Manşet büyükse kurgunun etkisi artar diye düşünüyorlar
Dezenformasyona örnek oluşturan yüzlerce vakadan biri olan “hastane” haberini de burada hatırlamakta fayda var. 17 Mart’ta PKK-PYD tarafından servis edilen görüntülerde, Türkiye’nin Afrin’de bir hastaneyi vurduğu ve pek çok sivilin öldüğü iddia ediliyordu. Aralarında AFP, AP, CNN ve BBC’nin de yer aldığı pek çok küresel medya kuruluşu bu içerikleri hem sosyal medya hesabında paylaştı hem de abonelerine “Türkiye’nin sivilleri öldürdüğü” iddiasıyla servis etti. Türk Silahlı Kuvvetleri kısa süre sonra insansız hava aracı İHA tarafından çekilen yeni görüntüleri medyayla paylaşarak hastanenin sağlam olduğunu somut bir şekilde kanıtladı. PKK tarafından servis edilen görüntülerdeki yanmış ve yıkılmış bina görüntülerinin eski tarihli farklı olaylardan alındığı da kısa sürede ortaya çıkarıldı. Türkiye’nin hastaneyi vurduğu yönündeki manipülasyon amaçlı içeriği “haber” olarak yayınlayan medya kuruluşlarının, Türkiye tarafından yayınlanan gerçek görüntüleri de, gazeteciliğin evrensel etik kuralları gereği, aynı güçlü içeriklerle ve son dakika koduyla aktarmış olması gerekirdi. Fakat daha önce de onlarca kez şahit olduğumuz gibi, böyle bir şey yapılmadı. Türkiye tarafından yapılan, somut verilere dayalı açıklamalara Batı medyasının başından beri kör-sağır kalması, buna karşın PKK-PYD tarafından yayınlanan iddialara gerçek muamelesi yapması, hatta çoğu zaman daha ileri giderek bölgedeki muhabirleri aracılığı doğrudan kendilerinin fabrikasyon haber üretimine başvurması, gazetecilik adına ibret vericidir.
Dolayısıyla, Türkiye’nin milli meselelerinde ve milli iradenin yok sayıldığı darbe dönemlerinde, Batı medyası tarafından tabiri caizse linçe tabi tutulduğu aşikardır.

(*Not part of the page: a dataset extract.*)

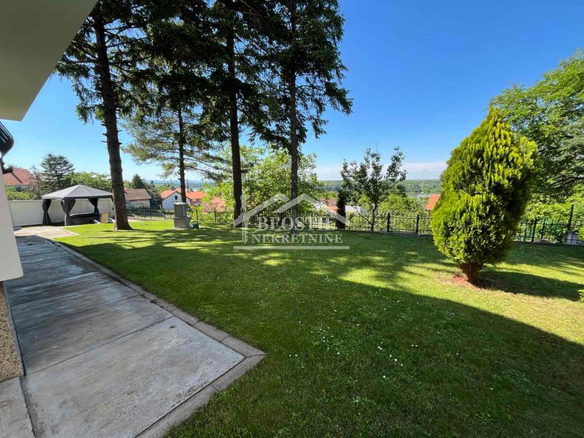 Kuća Prodaja Smederevo  126 m2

Afrin operasyonu esnasında batı medyasında yazılıp çizilen onlarca propaganda metni, bu nedenle Türkiye kamuoyu için şaşırtıcı olmadı. Arşivde yapılan arkeolojik kazı, Türkiye konusunda önyargıların geçmişe dayalı olduğunu gösteriyor. Mevcut durum da bir ölçüde bunun bir tezahürü niteliğinde. Bu yüzden, Batı medyası sadece Türkiye’ye karşı çifte standart uygulayarak ikiyüzlü davranması nedeniyle değil, aynı zamanda “yorum” ile “haberi” karıştırması, “haber” ile “propagandayı” karıştırması, gazetecilikle militanlığı karıştırması, nesnel değil öznel davranması, olaylar arasında çatışan taraflara göre ayrım yapması, tarafsızlığı reddederek PKK gibi yapılara angaje olması gibi nedenlerle, gazetecilik adına çok kötü bir sınav vererek kayıtlara geçti.